Amateur archaeologists can get specialist advice to help identify their discoveries at a special event hosted in conjunction with Freshford School and Freshford and District Local History Society.
The free ‘Archaeology for Everyone’ event features an object identification and family activity session at Freshford Memorial Hall on Saturday 3 March, from 11am to 3pm.
Members of the public are encouraged to bring along any items they have unearthed – whether they were discovered with a metal detector, in the garden or while walking the dog.
The local finds liaison officer from the Portable Antiquities Scheme and staff from the Bath & North East Somerset Council-run Roman Baths Museum will be on hand to help identify the objects.
Councillor Cherry Beath (Lib-Dem, Combe Down), Cabinet Member for Sustainable Development, said: “Bath & North East Somerset Council is pleased to hold another ‘Archaeology for Everyone’ event and we’d like to encourage as many people as possible to come along to the session at Freshford Memorial Hall on Saturday 3 March and bring their finds – big and small – with them. We live in a truly distinctive place and such discoveries can offer an important source for understanding our past.”

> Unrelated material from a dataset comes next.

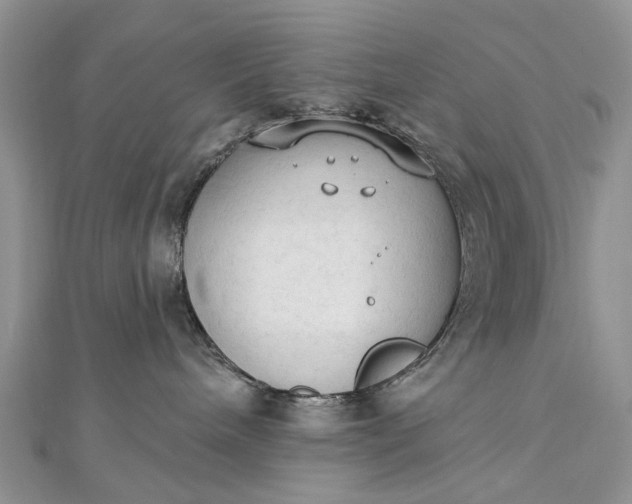 X0000112820240200909041521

Staff from the Roman Baths Museum have worked with children from Freshford School on an archaeology discovery day as part of a ‘Let’s imagine’ week, and there will be a special display of their work at the Memorial Hall. The Freshford and District Local History Society display will also help visitors to find out more about the area.
Stephen Clews, Manager of the Roman Baths, said: “We held a similar event at Radstock Museum a couple of years ago – which was very successful – with a medieval dagger being donated on the day. We also had a finds day in Bath in 2010 which resulted in an African spear being identified.”
The Portable Antiquities Scheme is a voluntary scheme to record archaeological objects which are found by members of the public in England and Wales.
Every year many thousands of objects are discovered, many of these by metal-detector users, but also by people whilst out walking, gardening or going about their daily work.